Is Harry confusing racism with a preference for 'people like us' ? Such preferences are common to all people across all races and cultures. If you doubt that go for a few beers with half a dozen social workers then say that the Sun and Mail are brilliant newspapers.
There is an underlying assumption among the educated white English that all whites are racist (especially straight male ones), that we all share responsibility for the sins of our forefathers, and that the standards of behaviour and language which we would apply to ourselves do not apply to others - that they need to be cut a bit of slack because of the dreadful things that happened to THEIR forefathers. I find this an appalling viewpoint, racist in itself, and a million miles away from H.I.M's vision that the colour of a man's skin should be of no more significance than the colour of his eyes.
Imagine if after Sept 11 the leaders of the Anglican and Catholic churches had declared it 'an attack on Christianity' and called for united action by Christian nations against the 'Saracens', or Tony Blair had appealed for 'the White nations' to help attack Iraq.

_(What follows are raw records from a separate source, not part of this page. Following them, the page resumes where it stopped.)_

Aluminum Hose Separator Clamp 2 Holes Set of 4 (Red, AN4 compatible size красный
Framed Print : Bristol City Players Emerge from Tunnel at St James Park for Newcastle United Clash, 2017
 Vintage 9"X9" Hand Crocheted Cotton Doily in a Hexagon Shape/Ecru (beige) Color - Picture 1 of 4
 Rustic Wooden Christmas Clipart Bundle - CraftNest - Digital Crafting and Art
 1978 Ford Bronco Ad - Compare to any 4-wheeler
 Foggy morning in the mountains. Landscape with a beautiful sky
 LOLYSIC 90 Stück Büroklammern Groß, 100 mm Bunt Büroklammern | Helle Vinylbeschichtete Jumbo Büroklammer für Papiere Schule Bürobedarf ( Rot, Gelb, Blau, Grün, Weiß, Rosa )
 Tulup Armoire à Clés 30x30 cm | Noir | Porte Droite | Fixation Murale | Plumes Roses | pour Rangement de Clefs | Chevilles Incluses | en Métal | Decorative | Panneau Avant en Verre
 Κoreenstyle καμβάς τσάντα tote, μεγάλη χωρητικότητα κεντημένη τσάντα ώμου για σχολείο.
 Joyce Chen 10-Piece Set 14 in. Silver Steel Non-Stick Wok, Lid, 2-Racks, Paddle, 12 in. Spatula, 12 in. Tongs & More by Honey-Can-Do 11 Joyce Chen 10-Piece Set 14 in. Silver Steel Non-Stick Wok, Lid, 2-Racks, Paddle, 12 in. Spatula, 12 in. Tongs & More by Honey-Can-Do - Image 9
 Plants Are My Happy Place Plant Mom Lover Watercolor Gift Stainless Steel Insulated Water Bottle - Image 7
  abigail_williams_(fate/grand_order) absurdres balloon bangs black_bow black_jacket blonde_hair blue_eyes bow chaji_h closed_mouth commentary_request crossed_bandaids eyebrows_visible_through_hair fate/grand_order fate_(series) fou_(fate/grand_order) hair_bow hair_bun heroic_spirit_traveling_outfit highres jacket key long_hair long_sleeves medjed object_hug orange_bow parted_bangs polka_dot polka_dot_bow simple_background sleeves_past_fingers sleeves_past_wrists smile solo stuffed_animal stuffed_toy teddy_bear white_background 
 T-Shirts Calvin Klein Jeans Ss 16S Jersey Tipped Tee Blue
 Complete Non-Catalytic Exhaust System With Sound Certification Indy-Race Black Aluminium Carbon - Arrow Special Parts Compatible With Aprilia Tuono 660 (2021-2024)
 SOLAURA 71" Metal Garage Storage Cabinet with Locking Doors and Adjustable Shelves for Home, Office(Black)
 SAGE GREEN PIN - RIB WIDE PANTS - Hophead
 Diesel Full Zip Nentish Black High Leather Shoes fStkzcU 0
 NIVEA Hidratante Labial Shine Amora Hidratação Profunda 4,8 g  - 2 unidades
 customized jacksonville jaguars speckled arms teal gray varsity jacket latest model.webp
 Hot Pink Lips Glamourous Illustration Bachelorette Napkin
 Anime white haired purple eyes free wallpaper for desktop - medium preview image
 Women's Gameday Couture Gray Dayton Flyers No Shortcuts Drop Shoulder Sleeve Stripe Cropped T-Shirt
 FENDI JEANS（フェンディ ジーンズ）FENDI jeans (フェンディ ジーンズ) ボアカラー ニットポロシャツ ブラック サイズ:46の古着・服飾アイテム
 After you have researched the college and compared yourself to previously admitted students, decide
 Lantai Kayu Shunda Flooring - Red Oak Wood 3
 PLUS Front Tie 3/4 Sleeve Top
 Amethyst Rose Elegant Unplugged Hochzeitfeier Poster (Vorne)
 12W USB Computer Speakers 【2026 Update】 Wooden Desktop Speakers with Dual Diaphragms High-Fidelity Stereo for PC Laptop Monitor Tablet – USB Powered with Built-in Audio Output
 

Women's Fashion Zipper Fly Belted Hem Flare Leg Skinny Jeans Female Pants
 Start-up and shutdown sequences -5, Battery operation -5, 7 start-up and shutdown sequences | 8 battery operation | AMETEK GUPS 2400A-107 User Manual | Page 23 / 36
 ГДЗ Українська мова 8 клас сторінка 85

I like to think people, especially on the Left, would have been upset - I know I would.
Yet most of Britain's Imams called the action against Afghanistan and Iraq an attack on Islam, and not only British Arabs and Muslims, but even George Galloway, called for the 'Arab nations' to defend Iraq - and not a dog barked. (of course plenty of dogs are snapping at George - but for other reasons than his racism).
Until white self-loathing is extinguished in educated Britons I can see the BNP remaining a factor in English politics. And given the current curriculum in state schools and universities that could be for some time to come. Watch for the next Euro elections, where PR will give the BNP a chance to pick up the votes which gave the UKIP three seats last time round.
As for Harry's suggestion that Labour confront racism head-on ? Well again it all depends what you mean by racism. If anyone who is concerned about large-scale immigration or the abuse of the asylum system is considered a racist, then such a campaign would be electoral suicide for Labour. Even on far-left discussion boards like www.urban75.com there seems a consensus that 'Asylum Seekers Are Welcome Here' is not a slogan which will stop the BNP in its tracks.
Perhaps the way forward for Labour is to talk one way and act the other on issues like asylum - oh no, they do that already, with Blunkett's tough soundbites and the odd Afghan bundled into a plane while on the ground it's business as usual. Perhaps they should take a leaf from the Lib Dem handbook. Nationally the LDs have always been liberal and caring on race and asylum - that 'great chieftain of the pudding race' Charles Kennedy gathered buckets of Brownie points by accusing William Hague of encouraging racist attacks every time Hague opened his mouth on asylum.
Yet when an asylum camp was proposed in the next county to me, who led the campaign against it ? That's right, the caring Lib Dems. And very professionally they did it too, getting 1,500 marchers, all local, on the streets of a town with a population of 6,000. Of course they weren't objecting to the asylum seekers themselves - oh no. The camp was in the wrong place, there weren't facilities, the Refugee Council disapproved - anything other than the plain unvarnished truth that locals, many of whom were themselves 'incomers' fleeing Birmingham, didn't want 750 young Afghan and Albanian men hanging on the streets of their pretty Georgian town. You can debate whether the objectors were 'racist' - the point is the Lib Dems were happy to lead them.